Vasily Petrovich Botkin (Васи́лий Петро́вич Бо́ткин; - ) was a Russian essayist, literary, art and music critic, translator and publicist.

==Early life==
Vasily was born in Moscow, the son of Alexandra Antonovna (Baranova) and Petr Kononovich Botkin, a wealthy tea merchant. His brothers were Sergey Botkin, a well-known physician, and Mikhail Botkin, a painter and art collector. Vasily was a moderate liberal in the 1830s and 40s, associating with members of the circle of Nikolai Stankevich, and with the Westernizers, including Mikhail Bakunin, Vissarion Belinsky and Alexander Herzen. Vasily was a man of expensive tastes, a connoisseur of art and music, and a polyglot. He travelled widely in Europe, meeting well known figures such as Karl Marx, Louis Blanc and Victor Hugo.

==Career==
Vasily was the first Russian publicist to acquaint Russian readers with the works of Friedrich Engels (he wrote a summary of Engels's pamphlet Schelling and Revelation, part of his series German Literature, published in 1843 in the magazine Notes of the Fatherland). He published articles on art exhibitions as well as on William Shakespeare, E. T. A. Hoffmann and George Sand. In the field of music he wrote Italian and German Music (1839), On the Aesthetic Significance of the New School of Piano (1850), and works on Italian opera. Between 1847 and 1849 he published the essays Letters on Spain in The Contemporary, which have remained his most popular works. He translated Thomas Carlyle's On Heroes, Hero-Worship, & the Heroic in History (1841) into Russian.
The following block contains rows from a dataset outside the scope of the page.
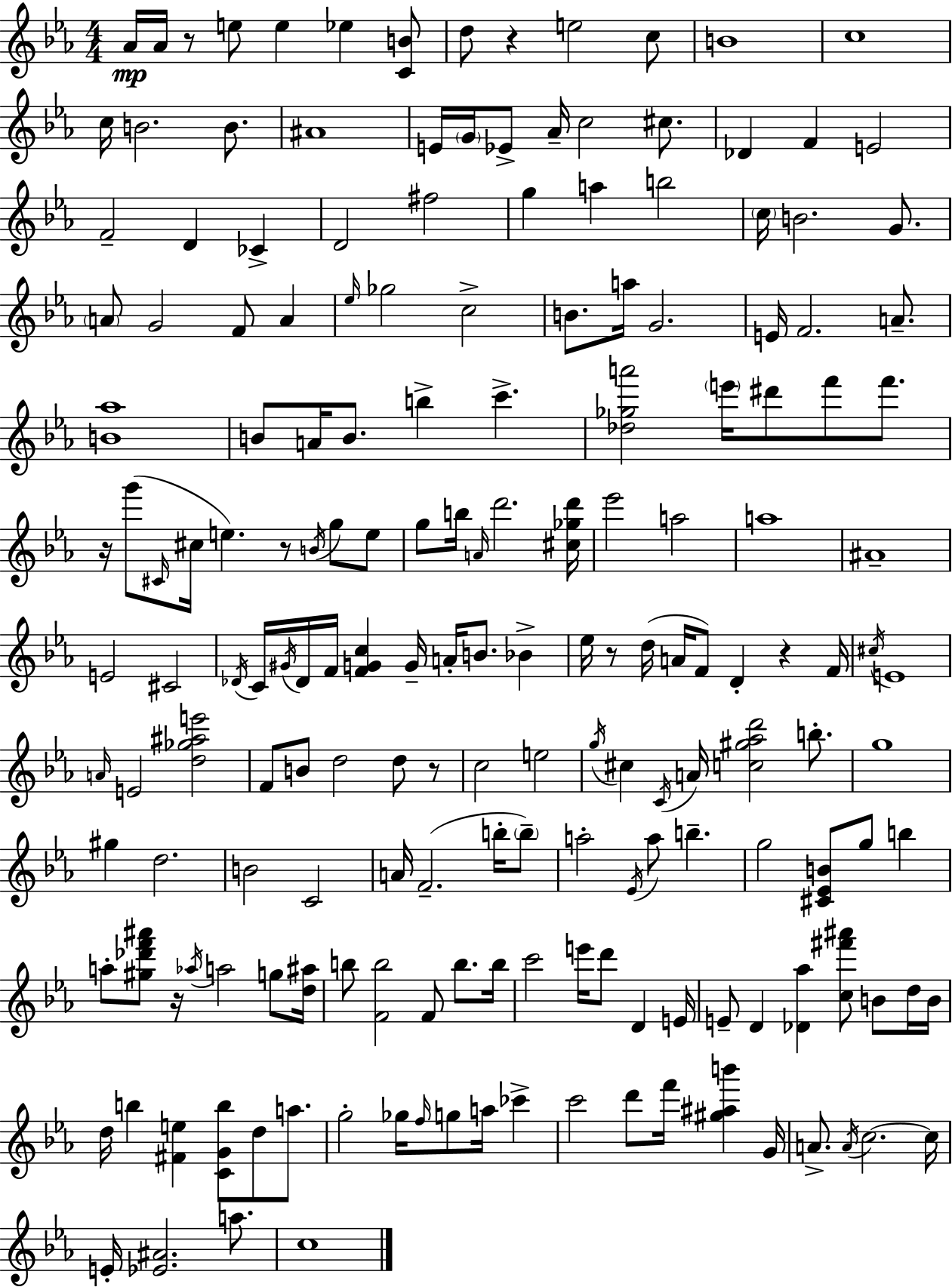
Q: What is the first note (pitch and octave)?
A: Ab4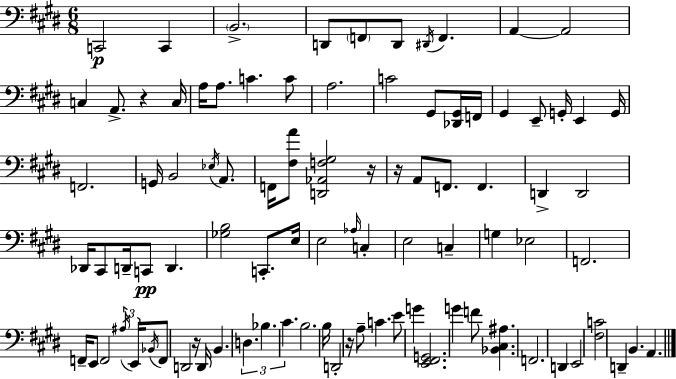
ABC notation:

X:1
T:Untitled
M:6/8
L:1/4
K:E
C,,2 C,, B,,2 D,,/2 F,,/2 D,,/2 ^D,,/4 F,, A,, A,,2 C, A,,/2 z C,/4 A,/4 A,/2 C C/2 A,2 C2 ^G,,/2 [_D,,^G,,]/4 F,,/4 ^G,, E,,/2 G,,/4 E,, G,,/4 F,,2 G,,/4 B,,2 _E,/4 A,,/2 F,,/4 [^F,A]/2 [D,,_A,,F,^G,]2 z/4 z/4 A,,/2 F,,/2 F,, D,, D,,2 _D,,/4 ^C,,/2 D,,/4 C,,/2 D,, [_G,B,]2 C,,/2 E,/4 E,2 _A,/4 C, E,2 C, G, _E,2 F,,2 F,,/4 E,,/2 F,,2 ^A,/4 E,,/4 _B,,/4 F,,/2 D,,2 z/4 D,,/4 B,, D, _B, ^C B,2 B,/4 D,,2 z/4 A,/2 C E/2 G [E,,^F,,G,,]2 G F/2 [_B,,^C,^A,] F,,2 D,, E,,2 [^F,C]2 D,, B,, A,,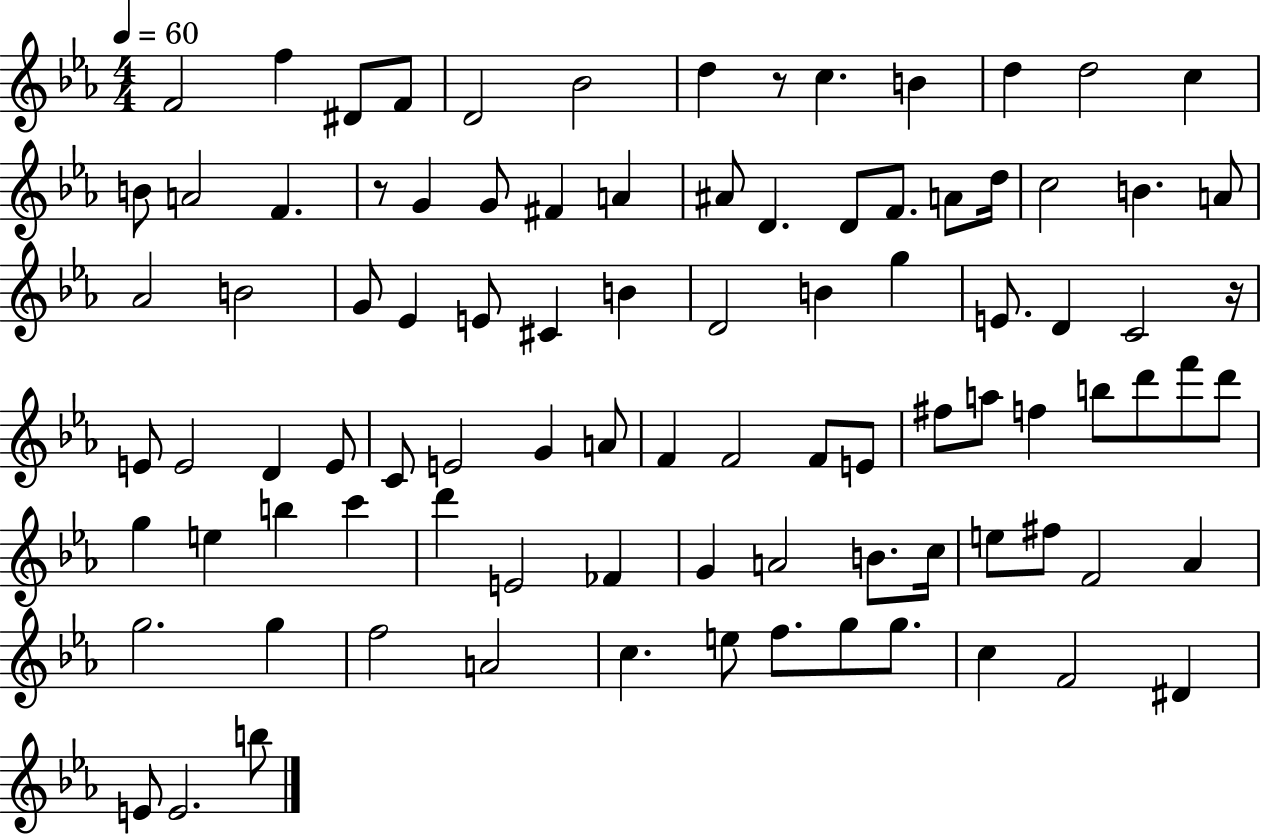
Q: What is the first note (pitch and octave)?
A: F4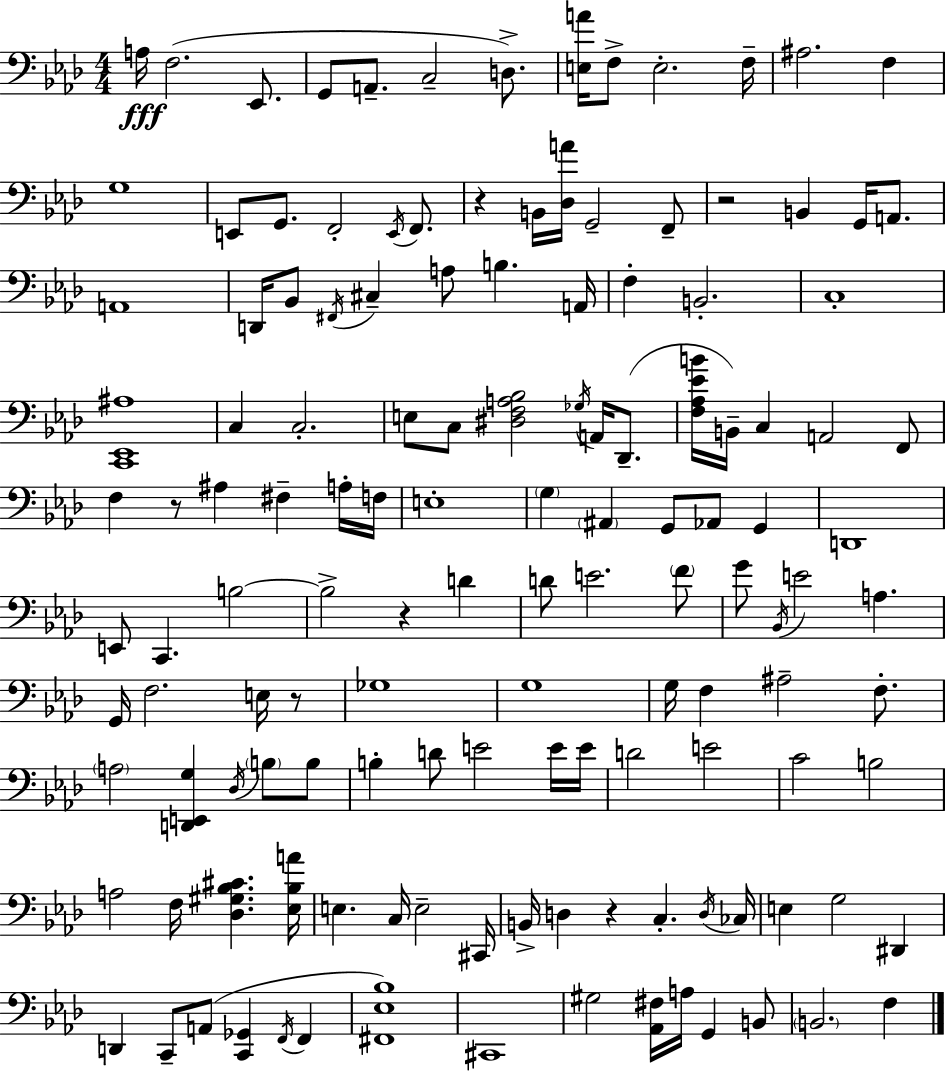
X:1
T:Untitled
M:4/4
L:1/4
K:Ab
A,/4 F,2 _E,,/2 G,,/2 A,,/2 C,2 D,/2 [E,A]/4 F,/2 E,2 F,/4 ^A,2 F, G,4 E,,/2 G,,/2 F,,2 E,,/4 F,,/2 z B,,/4 [_D,A]/4 G,,2 F,,/2 z2 B,, G,,/4 A,,/2 A,,4 D,,/4 _B,,/2 ^F,,/4 ^C, A,/2 B, A,,/4 F, B,,2 C,4 [C,,_E,,^A,]4 C, C,2 E,/2 C,/2 [^D,F,A,_B,]2 _G,/4 A,,/4 _D,,/2 [F,_A,_EB]/4 B,,/4 C, A,,2 F,,/2 F, z/2 ^A, ^F, A,/4 F,/4 E,4 G, ^A,, G,,/2 _A,,/2 G,, D,,4 E,,/2 C,, B,2 B,2 z D D/2 E2 F/2 G/2 _B,,/4 E2 A, G,,/4 F,2 E,/4 z/2 _G,4 G,4 G,/4 F, ^A,2 F,/2 A,2 [D,,E,,G,] _D,/4 B,/2 B,/2 B, D/2 E2 E/4 E/4 D2 E2 C2 B,2 A,2 F,/4 [_D,^G,_B,^C] [_E,_B,A]/4 E, C,/4 E,2 ^C,,/4 B,,/4 D, z C, D,/4 _C,/4 E, G,2 ^D,, D,, C,,/2 A,,/2 [C,,_G,,] F,,/4 F,, [^F,,_E,_B,]4 ^C,,4 ^G,2 [_A,,^F,]/4 A,/4 G,, B,,/2 B,,2 F,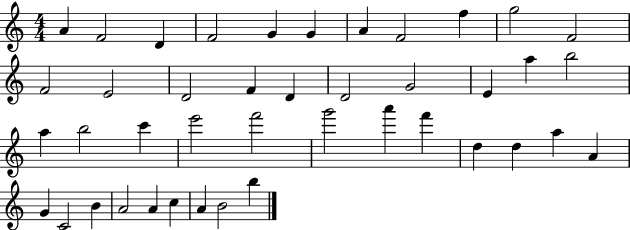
{
  \clef treble
  \numericTimeSignature
  \time 4/4
  \key c \major
  a'4 f'2 d'4 | f'2 g'4 g'4 | a'4 f'2 f''4 | g''2 f'2 | \break f'2 e'2 | d'2 f'4 d'4 | d'2 g'2 | e'4 a''4 b''2 | \break a''4 b''2 c'''4 | e'''2 f'''2 | g'''2 a'''4 f'''4 | d''4 d''4 a''4 a'4 | \break g'4 c'2 b'4 | a'2 a'4 c''4 | a'4 b'2 b''4 | \bar "|."
}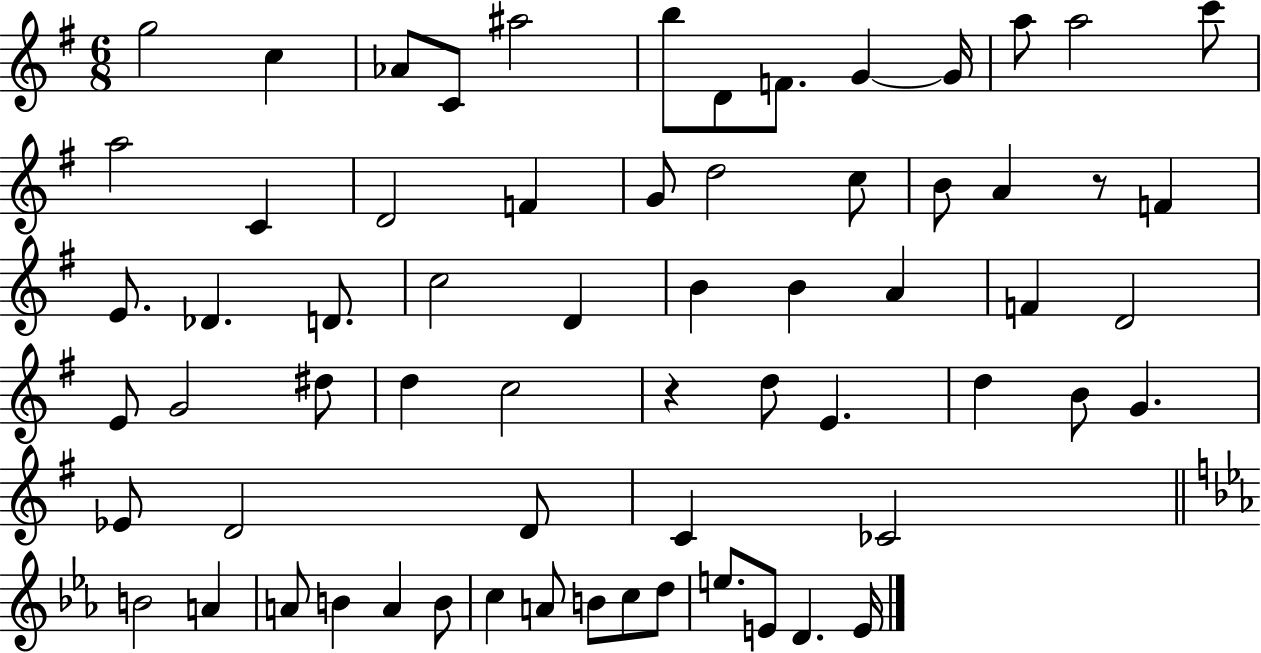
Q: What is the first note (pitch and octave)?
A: G5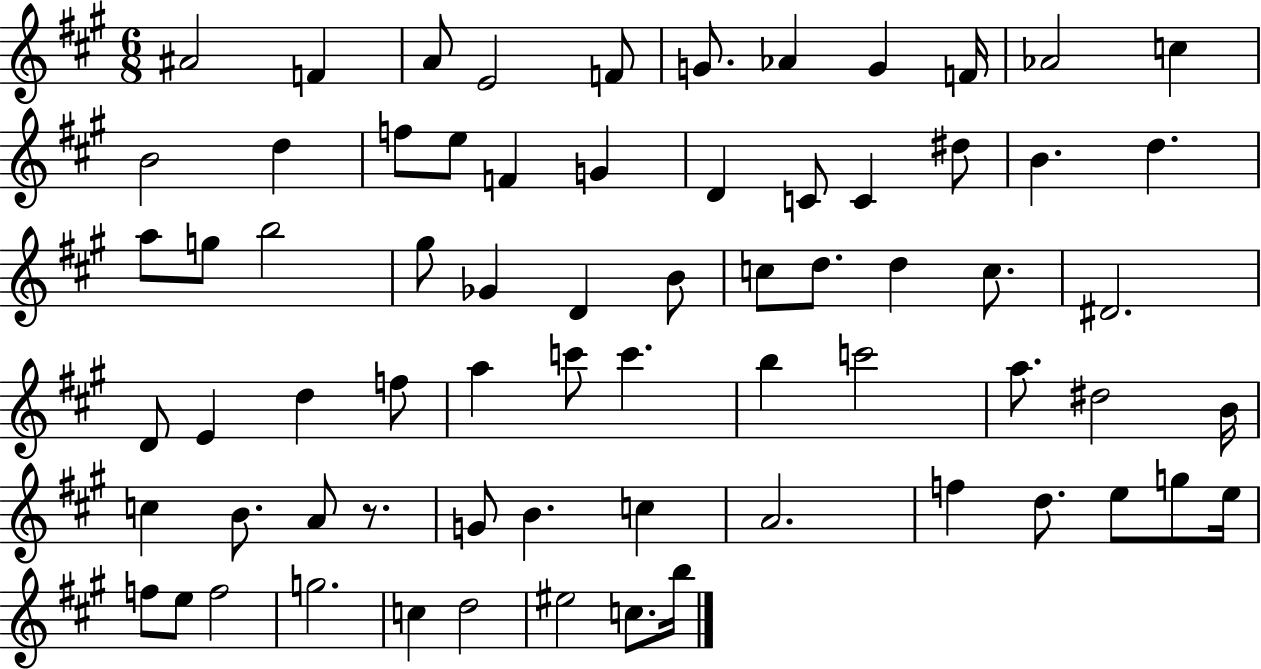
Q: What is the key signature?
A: A major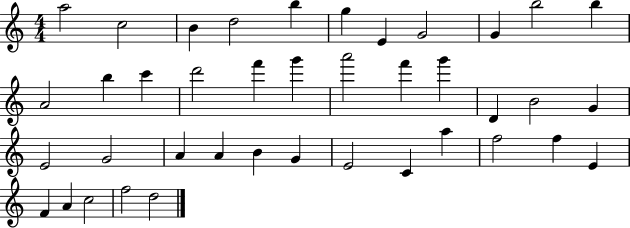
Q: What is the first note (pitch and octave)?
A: A5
His extensive correspondence with Belinsky, Tolstoy, and others is of great social interest. Much of his aesthetic and literary theory can be found in his letters, especially those he wrote to Ivan Turgenev, and in his essay The Poetry of A. A. Fet, published in 1857 in The Contemporary. Vasily's sister was married to Fet.

The Revolutions of 1848 scared Vasily, and he broke with his liberal associates, becoming more politically conservative as time went by. He also became a more conservative critic, espousing the theory of "art for art's sake" along with Alexander Druzhinin and Pavel Annenkov.

==English translations==
- A. A. Fet, from Russian Literature Triquarterly #17, Ardis Publishers, 1982.